In such cases a generic Symbol is created and added to the symbol table.

Later on in the code translation it may be that fred is used as the name of a subroutine call:

call fred()

It is now known that fred is a RoutineSymbol so the original Symbol should be replaced by a RoutineSymbol.

A simple way to do this would be to remove the original symbol for fred from the symbol table and replace it with a new one that is a RoutineSymbol. However, the problem with this is that there may be separate references to this symbol from other parts of the PSyIR and these references would continue to reference the original symbol.

One solution would be to search through all places where references could occur and update them accordingly. Another would be to modify the current implementation so that either a) references went in both directions or b) references were replaced with names and lookups. Each of these solutions has their benefits and disadvantages.
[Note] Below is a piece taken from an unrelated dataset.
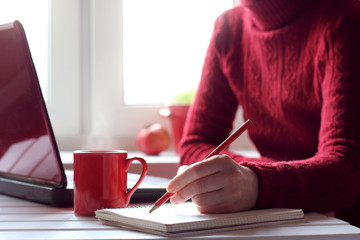 cozy working atmosphere in red tones/ person writes in a notebook next to a red mug and a laptop, sitting in front of the window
A third solution would be to have a single, non-hierarchical Symbol class that has only a name and a symbol-type attribute. Then we could replace the symbol_type attribute when we discover more information without modifying the thinner Symbol class and therefore not affecting the references to it.
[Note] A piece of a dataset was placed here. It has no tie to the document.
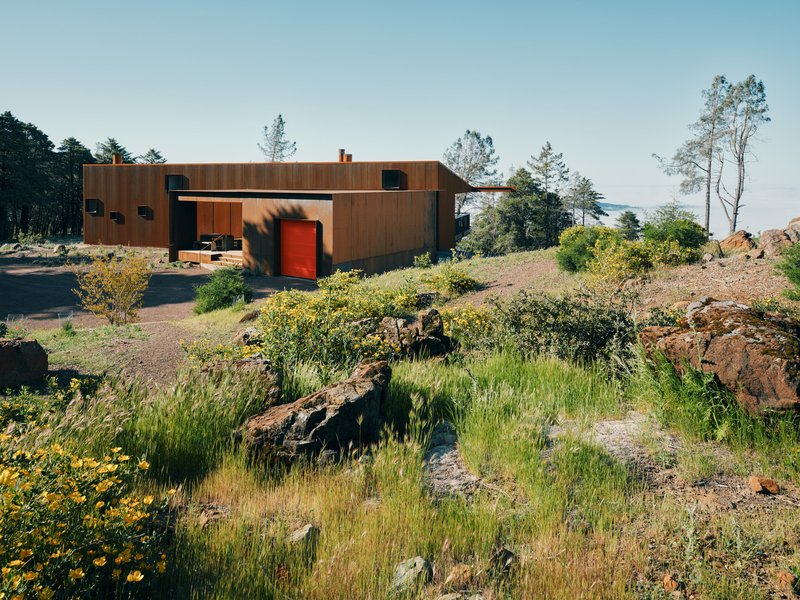 Weathered steel and timber residence with red entry door set among wildflowers and volcanic rock outcroppings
What is currently done is to specialise the symbol in place (so that any references to it do not need to change). This is implemented by the specialise method in the Symbol class. It takes a subclass of a Symbol as an argument and modifies the instance so that it becomes the subclass. For example:

>>> sym = Symbol("a")
>>> # sym is an instance of the Symbol class
>>> sym.specialise(RoutineSymbol)
>>> # sym is now an instance of the RoutineSymbol class

Sometimes providing additional properties of the new sub-class is desirable, and sometimes even mandatory (e.g. a DataSymbol must always have a datatype and optionally is_constant and initial_value parameters). For this reason the specialise method implementation provides the same interface as the constructor of the symbol type in order to provide the same behaviour and default values as the constructor. For instance, in the DataSymbol case the following specialisations are possible:

>>> sym = Symbol("a")
>>> # The following statement would fail because it doesn't have a datatype
>>> # sym.specialise(DataSymbol)
>>> # The following statement is valid (in this case initial_value will
>>> # default to None and is_constant to False):
>>> sym.specialise(DataSymbol, datatype=INTEGER_TYPE)

>>> sym2 = Symbol("b")
>>> # The following statement would fail because the initial_value doesn't
>>> # match the datatype of the symbol:
>>> # sym2.specialise(DataSymbol, datatype=INTEGER_TYPE, initial_value=3.14)
>>> # The following statement is valid and initial_value is set to 3
>>> # (and is_constant will default to False):
>>> sym2.specialise(DataSymbol, datatype=INTEGER_TYPE, initial_value=3)
>>> print(sym2.initial_value)
Literal[value:'3', Scalar<INTEGER, UNDEFINED>]
>>> print(sym2.is_constant)
False

Routine Interfaces

Fortran supports generic interfaces. The Fortran standard rule R1203 says that: interface-stmt = INTERFACE [ generic-spec ] or ABSTRACT INTERFACE where generic-spec is either (R1207) a generic-name or one of OPERATOR, ASSIGNMENT or dtio-spec (see https://wg5-fortran.org/N1601-N1650/N1601.pdf).

The PSyIR captures all forms of Fortran interface but is not able to reason about the content of the interface as the text for this is stored as an UnsupportedFortranType.

If the interface has a generic name and generic-name is not already declared as a PSyIR symbol then the interface is captured as a RoutineSymbol named as generic-name. The generic-name may already be declared as a PSyIR symbol if it references a type declaration or the interface may not have a name. In these two cases the interface is still captured as a RoutineSymbol, but the root name of the RoutineSymbol is _psyclone_internal_<generic-name>, or _psyclone_internal_interface respectively, i.e. it is given an internal PSyclone name. The root name should not clash with any other symbol names as names should not start with _, but providing a root name ensures that unique names are used in any case.

As interfaces are captured as text in an UnsupportedFortranType the RoutineSymbol name is not used in the Fortran backend, the text stored in UnsupportedFortranType is simply output.